There’s a saying about things that are old become new again and we see plenty of that in cartography. In fact, many cartographic techniques seem to come in and out of fashion regularly as new map-makers find the technique or try and work out ways of creating a particular map type using new software. A good example recently has been the use of tesselated hexagons as a container for summarizing another dataset. We might call it hex-binning and for the last few years it’s become a popular way of mapping thematic point data because it creates visually and cognitively equivalent areas and which overcomes the death by push-pin red dot fever mapping.
Another trend has been the use of new terminology to describe a particular type of map. To some of us a little older in the tooth a map is a map. We’d go so far as to categorize based on type (topographic, thematic for example) or scale (small, medium, multiscale) but the trend to create new brands and be seen as different is inevitable. A current fad is Map Stories or Story Maps. The idea that a map has a narrative and can tell a compelling story using a mixture of maps, graphics and textual components. As with most things, this idea isn’t new either. This map by the publishers Colortext was one of a series they labelled ‘Story Map’. It combines pictorial images, text and information that in this case tells the story of Scotland. It incorporates historical and cultural components in a place-based narrative.

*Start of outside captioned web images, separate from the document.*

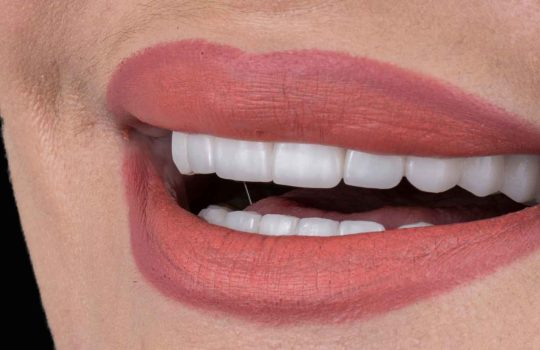 ציפוי חרסינה לשיניים חסרות2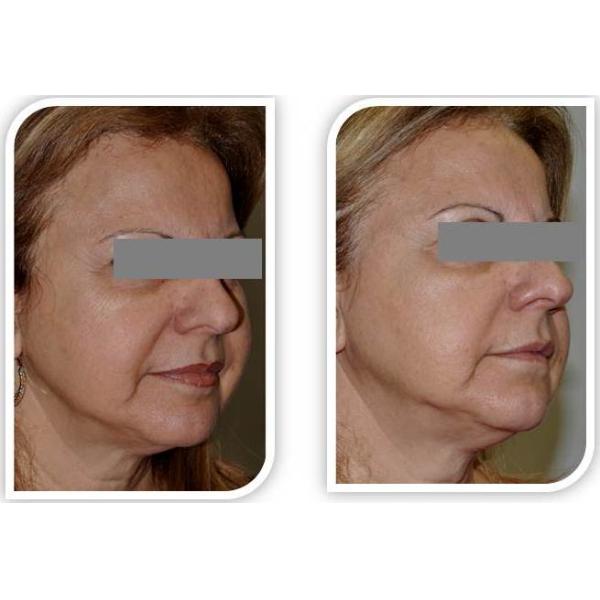 RF bodying slimming equipment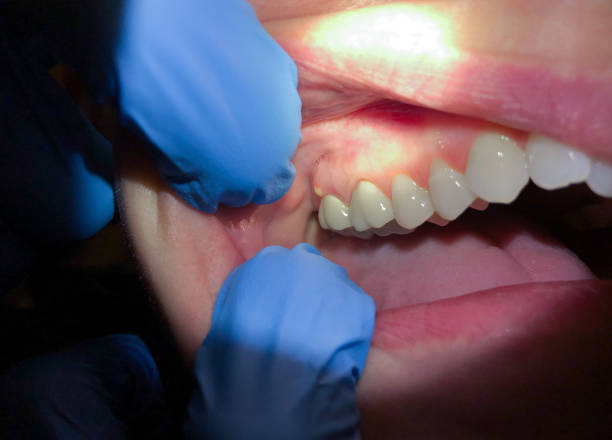 Best Emergency Treatment for Jaw Pain or Injury in Valley Stream, NY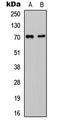 Cell Division Cycle 25A antibody, LS-C354606, Lifespan Biosciences, Western Blot image 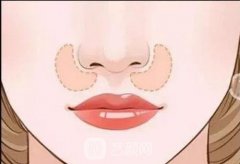 怎么让鼻翼缩小？鼻翼缩小的优点是什么？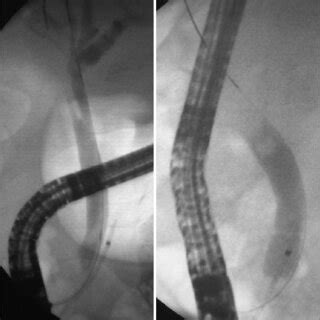 Pancreatic stent with radiological marker in the main pancreatic duct ...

It’s possibly the first of the genre of Story Maps. Ernest Dudley Chase also produced a number of his own maps in the mid-1900s that he titled Story Map too. This is a well composed Story Map or, as some of us might say, a map. It’s pictorial elements are well composed and the map has a good density of information. The decorative border of the tartans adds further interest and the map as a whole combines several integrated themes to tell the story of Scotland.